The Fabelmans (2022)
Directed by: Steven Spielberg
Premise: Set in post-war America, Sammy (Gabriel LaBelle) follows his passion for filmmaking while his parents’ marriage buckles under increasing stress.
What Works: Much has been made in the press about The Fabelmans as a semi-autobiographical work on Steven Spielberg’s part. He co-wrote the script which is based on his own upbringing. Knowing that certainly informs our understanding of the film but The Fabelmans also plays as a fiction and a self-contained story. Admirably, Spielberg does not treat this picture as a victory lap the way he did Ready Player One. There are no cute references to his filmography. Instead, The Fabelmans is the story of a Jewish family making their way in post-war America and the emphasis is on Sammy’s coming of age and the disintegration of his parent’s marriage.

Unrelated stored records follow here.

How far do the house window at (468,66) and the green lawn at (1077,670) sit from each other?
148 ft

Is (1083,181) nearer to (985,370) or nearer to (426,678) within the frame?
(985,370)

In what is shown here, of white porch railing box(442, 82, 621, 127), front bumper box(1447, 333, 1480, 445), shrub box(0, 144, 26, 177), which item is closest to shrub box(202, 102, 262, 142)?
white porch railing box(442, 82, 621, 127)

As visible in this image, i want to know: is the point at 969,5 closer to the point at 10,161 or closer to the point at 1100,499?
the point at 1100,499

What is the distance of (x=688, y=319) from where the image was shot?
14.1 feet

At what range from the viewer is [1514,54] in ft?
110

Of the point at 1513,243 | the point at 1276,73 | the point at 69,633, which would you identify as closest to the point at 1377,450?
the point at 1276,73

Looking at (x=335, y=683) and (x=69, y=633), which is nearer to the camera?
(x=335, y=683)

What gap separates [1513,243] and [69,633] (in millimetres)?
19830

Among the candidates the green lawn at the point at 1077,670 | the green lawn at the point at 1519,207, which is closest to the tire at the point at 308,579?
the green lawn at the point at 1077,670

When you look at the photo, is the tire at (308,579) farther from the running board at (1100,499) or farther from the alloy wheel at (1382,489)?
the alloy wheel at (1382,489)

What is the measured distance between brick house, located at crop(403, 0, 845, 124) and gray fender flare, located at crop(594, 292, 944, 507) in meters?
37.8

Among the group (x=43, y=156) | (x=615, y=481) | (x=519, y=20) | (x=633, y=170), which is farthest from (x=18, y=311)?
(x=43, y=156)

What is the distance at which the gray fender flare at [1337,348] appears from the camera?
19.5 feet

Sammy is a young man who discovers his passion for filmmaking and pursues it with ever increasing dedication. Filmmaking is a way to find truth but also a way to create an idealized reality; Sammy’s films reflect this. It is through film reels that Sammy realizes the problems in his family and The Fabelmans is partly about that transformative moment when we see our parents as fallible human people. That idea is tied directly to Sammy’s need to create movies and The Fabelmans is an impressively complex exploration of what it means to be a filmmaker and the space where life and art intersect. The film has a few notable performances, namely Gabriel LaBelle as Sammy and Michelle Williams and Paul Dano as his parents. LaBelle doesn’t do a Steven Spielberg imitation (what would that even look like?) but he creates a distinct character who is smart but not precocious. Williams and Dano play a believable couple and the breakup of their marriage is both obvious and heartbreaking. Also notable in a very small role is Judd Hirsch as Sammy’s distant uncle. He’s only in one sequence but he makes an impression that runs throughout the movie.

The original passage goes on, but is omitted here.